My kid. My kid keeps me going. He's offensive as all hell, on purpose, but inside he has an unshakeable goodness to him and a faith in propagating the species (NOT yet, thank all the gods) and in love and in hope and in a faith that somehow, the world will be there for him when he grows up.
I keep going and going and being well and being good to people and putting one foot in front of the other, and sharing and smiling and holding doors for people.
I work elderly in-home care because I love old people. I love kids and babies and I just love and love and love, even when I have no hope and no faith, I keep on lovin'.

Monday, October 31, 2016


My word, here it is Samhain, and I have forgotten (or procrastinated, more like) to write again for three months. Shame on me.

I've had a lot going on.

I'm making new friends, learning to get along on my own again without a partner, parenting my teen son. Meanwhile, the world, or at least the United States, is in a bit of a shambles with this election coming up next week. I don't ever talk politics, but boy-howdy this one is going to be a doozy.
I was brought up that my vote is my private business, so I will not say who I am voting for. But I will say I really ought, if it wasn't so critical, this, to sit back with the popcorn and watch the fur fly.
This is one time I am SO glad I haven't had television in the last 25 or more years.
I really think we oughtta go back to the soapbox days, where the candidates say what they are going to do for the nation, and exactly how they plan to implement it, instead of the mud-slinging, which is so ugly.
Not to mention that the internet and social media has really given rise to the ugly in Americans-- I don't know what that's about except perhaps it's safer to be mean behind a screen.
Me, I refuse to do that. I will not go there.
Believe me, I have my ugly just like most folks, but I am keeping my counsel. My mom taught me if you can't say anything nice, don't say anything at all, and there's times I just love that Southern saying "Bless their heart" because that has all kinds of nuance to it.

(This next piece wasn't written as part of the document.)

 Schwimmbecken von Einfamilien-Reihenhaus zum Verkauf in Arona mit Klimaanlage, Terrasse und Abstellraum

Have I gotten off on a rant or what?

This Samhain, I'm thinking mostly of my dad.

When I was 11 or so, my dad used to sit me in the front seat and hand me the map and make me navigate. He was an airline pilot, and navigating and weather and all that was in his blood. I hated it, at the time... "See that highway sign? Is it an interstate or a county road? Where is that town, can you find it on the map? There's a railroad crossing, see it? On the map. How many miles to X town?"... and on and on, till I thought I would die.
Now? I can find my way out of anywhere. I can read a map like nobody's business, and I think it's a dying talent, with GPS and all. I do use the GPS, but there's nothing like an old-fashioned printed paper map.

Also, I can pack like a boss. The car, the carry-on bag, my purse, a backpack. My dad, I got that from my dad. He could really pack the car and the boat when we went camping. I have been called Mary Poppins, and that is a high compliment, to me. I hear PL Travers was rather a Witchy sort, too. I will take it!

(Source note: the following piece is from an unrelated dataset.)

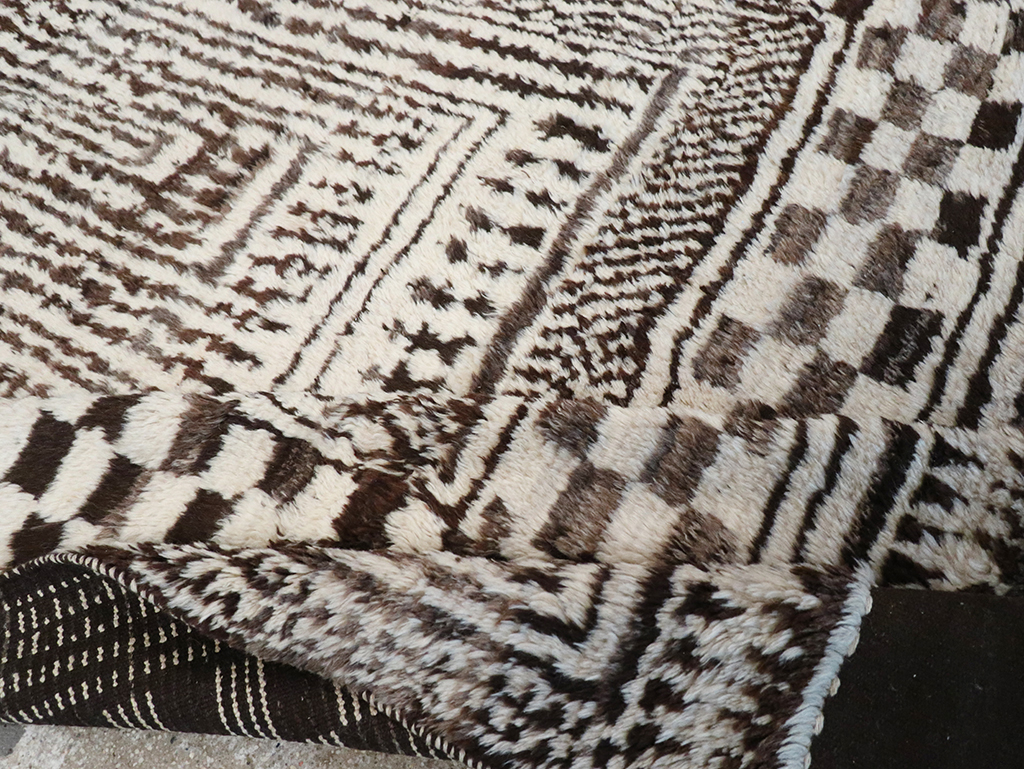 Modern Persian Gabbeh Room Size Carpet, No.33159 - Galerie Shabab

And you know what? I realized this year that I am more interested in weather than I thought I was. I have had NOAA as my homepage for a couple of years, and I read the Farmer's Almanac, and while I have a barometer/thermometer/humidity gauge on my wall for a couple of years, too, in honor of my father, I think I may actually learn how to read that barometer.  

Thinking of you, Daddy. Thank you for teaching me those skills. Thank you for what you didn't teach, that I inherited naturally from you. Thank you for pretending I was old enough to dance with you, at the clubhouse dances. I'm honored. I danced with (for) you this morning, in your honor. I miss you.

Blessed Samhain, y'all. And Happy New Year.

Friday, August 12, 2016


Oh, it is hot. It is hot beyond hot.

It was 96* at its peak today, and I do not do well in the heat. WILT. I wilt. And, hot flashes. In the heat. Oh, misery.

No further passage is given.